There’s too much news happening this week to list it all — make sure to subscribe to the First Branch Forecast weekly newsletter published by Daniel Schuman and his crack team at Demand Progress to keep up to date! — but I did want to highlight the good news coming out of the LIBRARY of Congress. Slowly but surely, they’re expanding the number of Congressional Research Service (CRS) Reports being published on their site crsreports.congress.gov. They still don’t have the coverage of EveryCRSReport.com which includes 14,742 CRS reports (and still growing) but LoC is getting there so good on them. Celebrate Sunshine Week by leaving LoC a comment and contacting your Representative to tell them to vote for “HR 736 Access to Congressionally Mandated Reports Act”. Sunshine is the best disinfectant!!
Since launching, we’ve added hundreds of new reports and are working hard to include the back catalog of older CRS reports – a process that is expected to be complete later this month. Today, you can access more than 2,300 reports on topics ranging from the Small Business Administration to farm policy.

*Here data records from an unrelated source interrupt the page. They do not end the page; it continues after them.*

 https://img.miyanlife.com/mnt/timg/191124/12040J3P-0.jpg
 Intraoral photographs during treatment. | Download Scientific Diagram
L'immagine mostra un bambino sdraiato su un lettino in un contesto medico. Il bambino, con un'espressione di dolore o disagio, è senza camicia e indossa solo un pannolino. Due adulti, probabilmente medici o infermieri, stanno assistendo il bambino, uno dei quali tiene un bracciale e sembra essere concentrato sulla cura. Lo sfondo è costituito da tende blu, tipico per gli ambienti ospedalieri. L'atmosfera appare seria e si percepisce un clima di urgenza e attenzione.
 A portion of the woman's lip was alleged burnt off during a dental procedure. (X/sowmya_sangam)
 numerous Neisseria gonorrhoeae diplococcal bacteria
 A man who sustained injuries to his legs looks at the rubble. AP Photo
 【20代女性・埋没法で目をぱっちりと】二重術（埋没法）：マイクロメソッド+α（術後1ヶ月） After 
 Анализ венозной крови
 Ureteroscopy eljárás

Starting this week, the Library is making additional product types available on the site. The site now includes In Focus products, which are two-page executive level briefing documents on a range of policy issues. For example, recent topics include military medical malpractice and the Temporary Assistance for Needy Families (TANF) Block Grant. Another newly-added product type is the Insight, which provides short-form analysis on fast moving or more focused issues. Examples of topics include volcano early warning systems and Congressional Member Organizations. Users can filter by product type using the faceted search on the left hand of the search results page.
The Project On Government Oversight (POGO) reports that the U.S. will no longer seek validation by the Extractive Industries Transparency Initiative (EITI), a global anti-corruption effort to bring openness and accountability to the oil, gas and mining sectors.

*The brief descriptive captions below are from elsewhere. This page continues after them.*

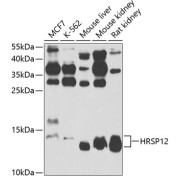Western blot analysis of various lysates using HRSP12 Antibody at 1/1000 dilution. Secondary antibody: HRP-conjugated Goat anti-Rabbit IgG (H+L) at 1/10000 dilution. Lysates/proteins: 25 µg per lane. Blocking buffer: 3% nonfat dry milk in TBST. Exposure time: 90s.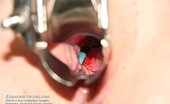 Exposed Nurses Rita 421634 Skilled Nurse Rita Fuck Hole Spread And Vagina Spreader Play
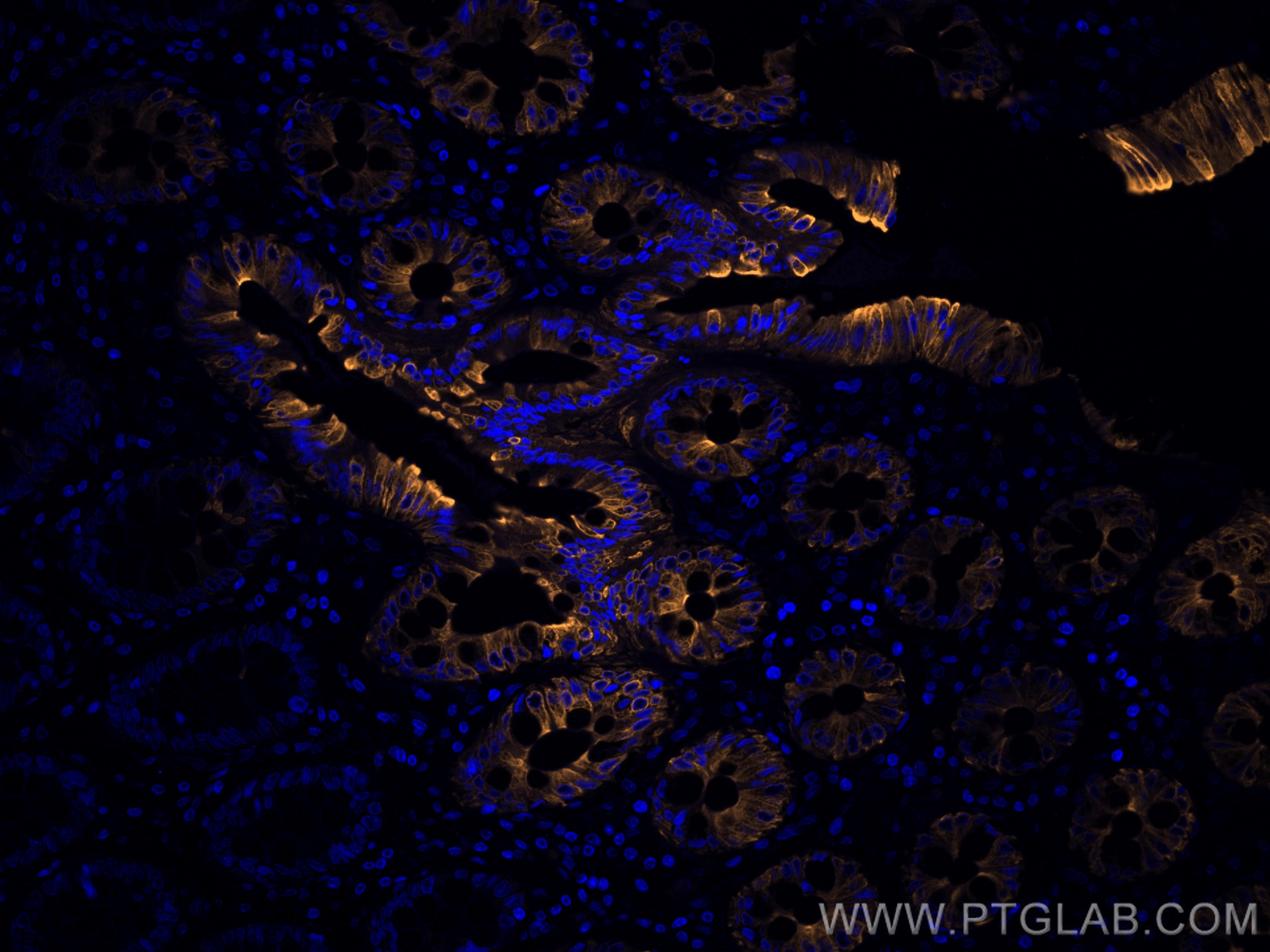 IF Staining of human colon using CL555-60183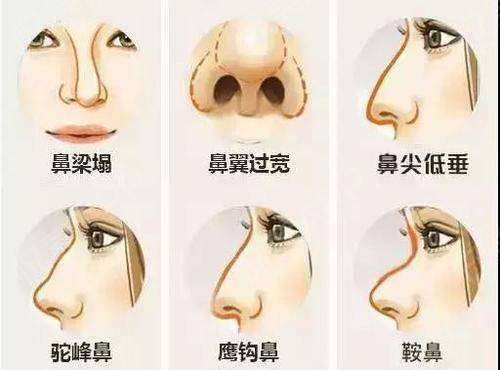 鼻尖,鼻翼,鼻孔,鼻小柱等 采用不同的方法 比如鼻背隆高,鼻尖形状调整
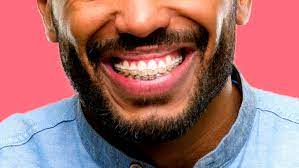 However, braces can seriously benefit your long term health and oral hygiene so many patients consider the expense to be worth it! What It S Like Living With Adult Braces Dollar Shave Club Original Content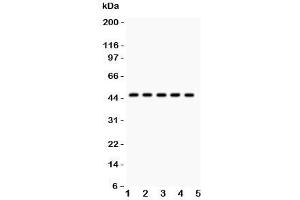 Western blot testing of PIM-1 antibody and human samples 1:  U20S;  2: A549;  3: COLO320;  4: SW620;  5: Jurkat. (PIM1 抗体  (C-Term))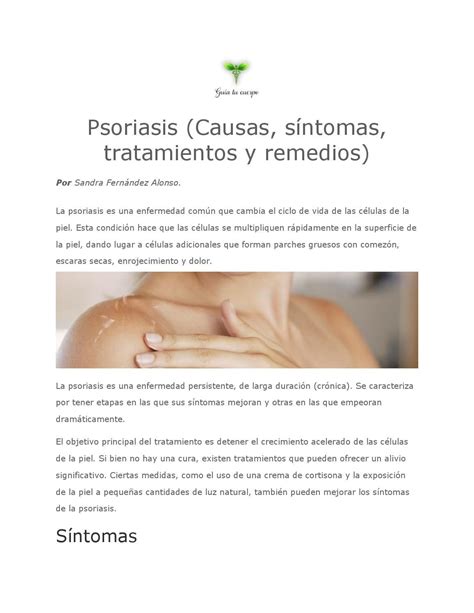 Psoriasis Causas Síntomas Tratamientos Y Remedios By Witi Perez Issuu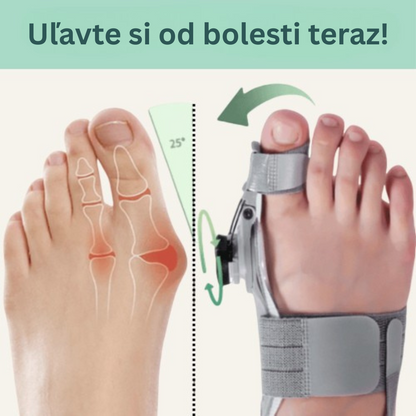 Liečebný balík na vybočený palec (Hallux Valgus)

- Administration Sounds Death Knell for Transparency Initiative, by Mia Steinle POGO press release (March 17, 2017).
A Department of the Interior official confirmed in a March 9 phone call that the United States is withdrawing its efforts to be validated under the EITI Standard. The standard requires companies and governments to disclose the payments they make and receive for extracting oil, gas and minerals. The goal of the initiative is to ensure citizens and governments are getting their fair share of revenues from natural resource extraction.
Under the Standard governments disclose how much they receive from extractive companies operating in their country and these companies disclose how much they pay. Governments sign up to implement the EITI Standard and must meet seven requirements. Then a Validator commissioned by the EITI International Secretariat assesses whether or not the country successfully implemented the EITI Standard.
The U.S. committed to join EITI in 2011 with the goal of ensuring that taxpayers are receiving every dollar due for extraction of natural resources. The United States had been working towards complying with the standard since 2012. The U.S. formally became an EITI candidate in 2014 when the EITI International Board approved USEITI’s candidacy application.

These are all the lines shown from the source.